De meest karakteristieke stedenbouwkundige structuur van het dorp Heugem is terug te vinden in de beide in noord-zuid­rich­ting verlopende straten, de Heuge­merstraat en de St. Mi­chaëlsweg, en in de 3 verbindingsstraten tussen deze twee hoofdaders, de Heugemer Pastoors­traat, de Heugemer Kerk­straat en de Heuge­mer Molenstraat (zie kaart: steden­bouw­kun­dige hoofd­struc­tuur). Daarvan is alleen de St. Michaëlsweg, die als be­grenzing van de bebouwing fungeerde, slechts aan een zijde be­bouwd. De bebouwing langs deze straten roept een boeiend beeld op van dorpse kleinschaligheid in een afwisselend straatpro­fiel.

Een ingreep in deze oude stedenbouwkundige structuur bete­kende de uitbrei­ding van Heugem in zuidelijke richting in de jaren zestig door de bouw van enkele honderden woningen ten zuiden van de Oude Maasstraat. Daarmee deed de etagewo­ning haar intre­de in Heugem en werd tevens een bouwwijze geïntrodu­ceerd, die tot dan toe in Heugem onbekend was, de zogenaamde strokenbouw. Beide bouwwijzen zijn zo afwijkend van de traditionele dorpse bouw dat zij als enigszins we­zens­vreemd voor Heugem moeten worden be­schouwd. Ook in een ander opzicht wijkt deze omgeving af van het oude Heugem dat, zoals eerder werd omschreven, zeker voor dorpse begrip­pen, vrij compact is bebouwd. De nieuwere bebou­wing daar­entegen vertoont de eigenschap­pen van alle na-oorlogse uitbreidingen: vrij open met rela­tief grote groenstro­ken. Dit gebied heeft vrijwel geen relatie met het oude dorp, omdat voor een totaal andere structuur is gekozen.

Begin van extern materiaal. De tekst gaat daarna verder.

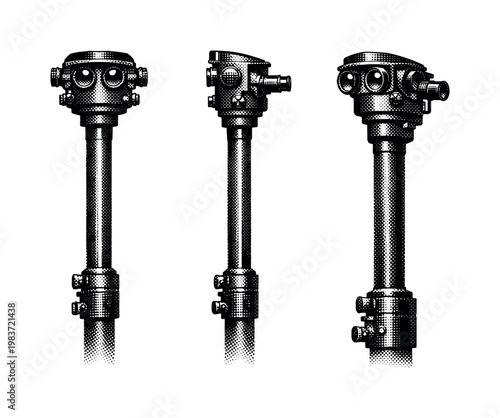 Observation submarine periscope. An observation-focused submarine periscope represented as a single object in three viewpoints emphasizing optical head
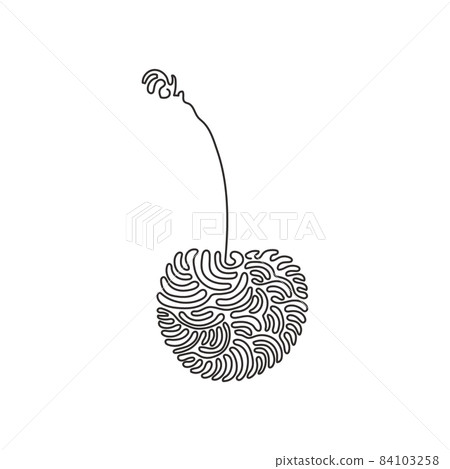 Single continuous line drawing whole healthy organic cherry for orchard logo identity. Fresh fruitage concept for fruit garden icon. Swirl curl style. One line draw graphic design vector illustration 84103258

De ontwikkeling van Heugem is vooral te typeren als een sterk fasegewijze uitbreiding. In beginsel meer in over­een­stemming met de oude structuur van Heugem was de aanleg van de aan de St. Michaëlsweg en de Heugemer­straat parallel verlopende Termi­leslaan en Kapittel­laan met hun bebouwing, enkele jaren later. Het ietwat strakke en rechtlijnige ver­loop van deze straten is in het licht van de na-oorlogse economie in het bouwen we­lis­waar goed verklaarbaar, maar moet toch als niet in overeen­stemming met de histori­sche sfeer van de dorpse structuur van Heugem worden gekarakte­riseerd, vooral vanwege de aan deze straten verrezen bebou­wing, die van het oorspronke­lijke karak­ter van Heugem af­wijkt.

Een beter in de structuur van Heugem in­gepas­te aanvulling is de bebou­wing op een tot dan toe nog open terrein in het noordwestelijk deel van Heugem, en wel in de omgeving van De Distele en De Beente.

Tijdens de planning van de uitbreiding Heugem-noordoost is voor het eerst getracht de be­staande struc­tuur te verbeteren (uitstulping aan de Kapit­tellaan) of te betrekken bij het nieuwe gebied. Daarbij is ge­bruik gemaakt van een in de structuur her­kenbare oost-westas. Verder is er aan kleinschaligheid en variëren­de straatprofielen gedacht, hetgeen men sterk kan associëren met het oude dorp.

 

Tenslotte moet erop worden gewezen dat Heugem omgeven is door een stelsel van verkeerswe­gen met een doorgaande func­tie, te weten de Hoge Weerd, de Oeslingerbaan en de Molen­singel. Om te voorkomen dat deze kern geïso­leerd raakt, die­nen over deze verkeers­barrières heen op daar­toe geëigende plaat­sen verbindin­gen te worden gemaakt tussen de kern en het omringende land­schap c.q. de aan­grenzende gebieden.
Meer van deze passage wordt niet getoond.